Be a part of Engineering. When I said this at FinOps X, I think it might have upset a few of the Finance-side FinOps Practitioners in the audience. But it’s sticking with this advice. When FinOps is a function of Engineering, you’re much better integrated into the business and it’s easier to get things done. An engineer talking to another engineer is intrinsically different than Finance talking to an engineer.
Also, the pay is better on the Engineering side, if that’s something that’s important to you.
If you’re reading this from the Finance side, consider exploring the Engineering side of the house for your next role. Start looking now at what skills you’d need to build up in order to make you a competitive candidate. It might not be as much as you think.
Make sure career progression is clear… and don’t re-invent the wheel. If you’re a company’s first FinOps hire, there might not be a clear career progression defined yet. You might be wondering if it’s best to borrow from the Finance career progression, or Engineering, or to borrow from different places to make up your own FinOps progression.
My advice is to just use Engineering. Don’t give it any more thought. If your company already has a defined engineering career progression, use that. Make sure it has two tracts: one for individual contributors (ICs) and one for management.
Rent the Runway has made their engineering ladder public, and it can serve as a solid foundation if your company doesn’t have a good internal document for you to use.
Always be learning and growing. As a hiring manager, you always want to make sure people on your team are learning and growing. This is fairly easy in the FinOps space, since the industry is still so new, and fresh ideas are coming out every day. But it’s still important to be explicit in this growth mindset.

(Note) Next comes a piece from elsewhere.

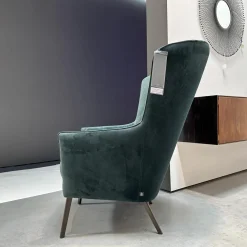 Christine Kröncke Relaxsessel|Sessel Lilou Stoff Allure Velvet Forest 085 Grün Gestell Metall Rauchbraun Mit Rückenkissen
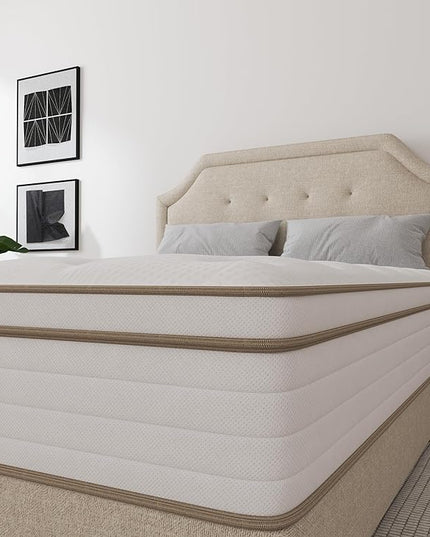 Full Size Mattresses,Hybrid 10 Inch Full Mattress in a Box,Memory Foam & Individually Pocket Spring for Pain Relief,Medium Firm White Full Mattresses,CertiPUR-US Certified. - LeafyLoom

Help the wider community. There’s a wider FinOps world to be a part of. Join the FinOps Foundation and get active in the Slack. Attend a Meetup. Start writing and publishing everything you’ve learned in the space. Even if you’re new, there’s always someone that’s newer than you.
Also, as soon as you put the words “FinOps” in your LinkedIn profile, you’ll start getting a ton of messages from recruiters. Every time you get a message, ask for the role description and salary band. If the salary band is low, let the recruiter know. They may still be able to find someone to hire in their desired range, but that sort of salary feedback will help the wider community make more money.